Ai fini della decisione, il Tribunale rileva come “….in replica ai rilievi del ricorrente, è sufficiente osservare che il sig. … ha lavorato, in qualità di operaio aggiustatore addetto alla manutenzione degli stampi presso il reparto stampaggio, con un’esposizione ad un livello di rumorosità sempre al di sotto degli 85 dbA (si vedano al riguardo gli esiti dei rilievi ambientali eseguiti dal Centro Servizi KKK nel 2005 allegati alla produzione di parte resistente, in ordine alla cui completezza ed attendibilità il ricorrente nessun rilievo ha formulato). L’art. 43 D. L.vo 277/1991 prevede l’obbligo per “il datore di lavoro” di fornire “i mezzi individuali di protezione dell’udito” solo nel caso di “lavoratori la cui esposizione quotidiana personale (possa) verosimilmente superare 85 dbA” (1° comma); nonché l’obbligo dei lavoratori di “utilizzare i mezzi individuali di protezione dell’udito forniti (loro) dal datore di lavoro” (e quindi del datore di lavoro di controllarne l’effettivo utilizzo) solo nel caso in cui la “esposizione quotidiana personale super(i) 90 dbA” (4° comma).

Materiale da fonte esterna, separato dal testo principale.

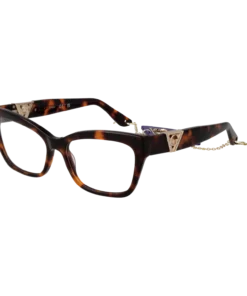 Guess Optični okvirji GU2960 052 54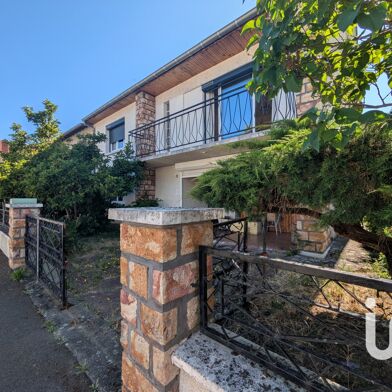 Maison 5 pièces 107000 €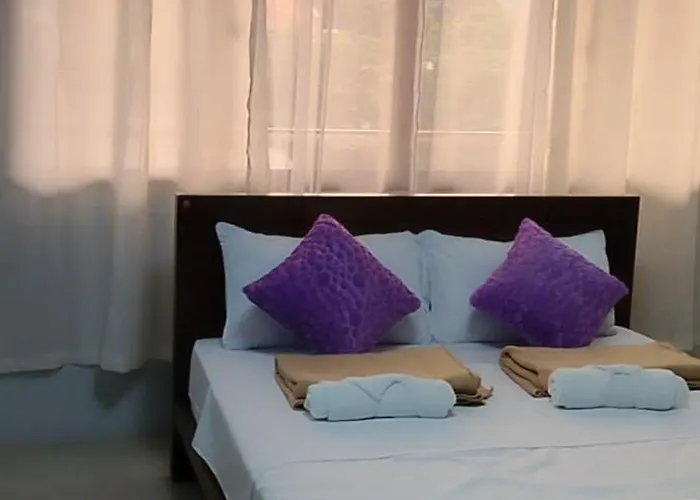 Hostel Pacifico's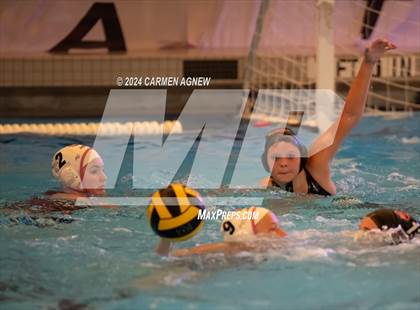 Thumbnail 2 in Cy-Fair vs Cypress Woods photogallery.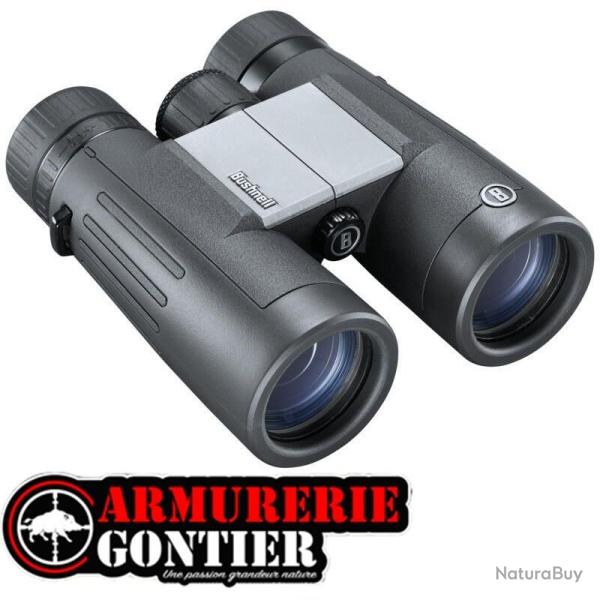 Jumelles BUSHNELL POWERVIEW 2 8X42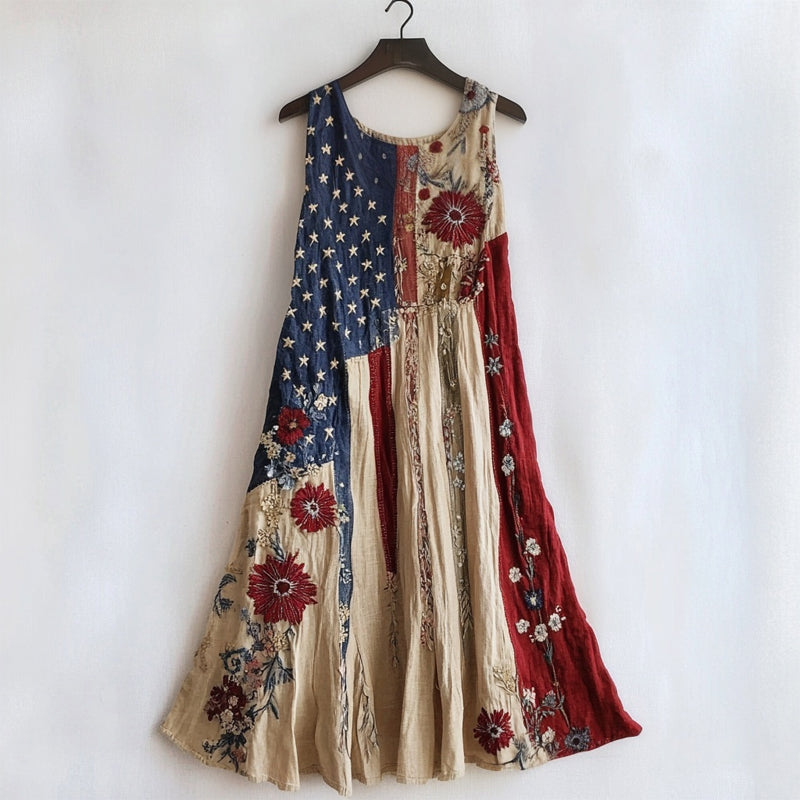 Classic Vintage Dress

L’art. 44, poi, prevede l’obbligo di “controllo sanitario” per “i lavoratori la cui esposizione quotidiana personale al rumore super(i) 85 dbA”.
Conclude il Tribunale: ” … Preso atto delle disposizioni normative vigenti in materia (che nella specie valgono a riempire concretamente di contenuto il generico obbligo sancito a carico del datore di lavoro dall’art. 2087 c.c.) e considerato che non esistono, allo stato, prescrizioni più rigorose e stringenti anche da parte degli enti deputati al controllo dell’adozione delle misure di sicurezza, deve escludersi la possibilità di ascrivere una qualche responsabilità colposa in capo al datore di lavoro per la malattia professionale (ipoacusia percettiva bilaterale) eventualmente contratta dal lavoratore…”.
Perché il danno all’udito possa considerarsi malattia professionale deve comportare una apprezzabile diminuzione della capacità di sentire, da valutarsi caso per caso.
Il danno all’udito deve essere riscontrato e certificato dal Servizio di Igiene e Sicurezza del Lavoro dell’Asl, oppure a seguito di visita specialistica su indicazione del proprio medico curante.
Il certificato che attesta l’ipoacusia deve essere consegnato dal lavoratore al datore di lavoro entro 15 giorni dalla visita.
Il datore di lavoro deve dunque trasmettere all’Inail la denuncia di malattia professionale entro 5 giorni dal ricevimento del primo certificato medico, corredata da informazioni in merito all’attività che avrebbe determinato la malattia, le mansioni del lavoratore, gli accertamenti praticati in azienda e l’orario di lavoro.
Successivamente, l’Inail chiamerà a visita il lavoratore e chiederà al datore di lavoro copia del documento aziendale di valutazione dei rischi.
Il lavoratore chiamato a visita dall’Inail dovrà portare con sé:
- libretto di lavoro;
- documentazione sanitaria inerente la patologia denunciata;
- accertamenti sanitari preventivi e periodici svolti in azienda;
- eventuali attestazioni di invalidità riconosciute in altri ambiti giuridici.
Se la malattia denunciata non è prevista dalle tabelle, l’Inail può avvalersi, in caso di dubbi, della sua struttura tecnica di accertamento del rischio (Contarp) per effettuare indagini ispettive all’interno dell’azienda e quantificare l’esposizione.
L’Inail, assumendosene i costi, può anche richiedere al lavoratore ulteriori accertamenti sanitari.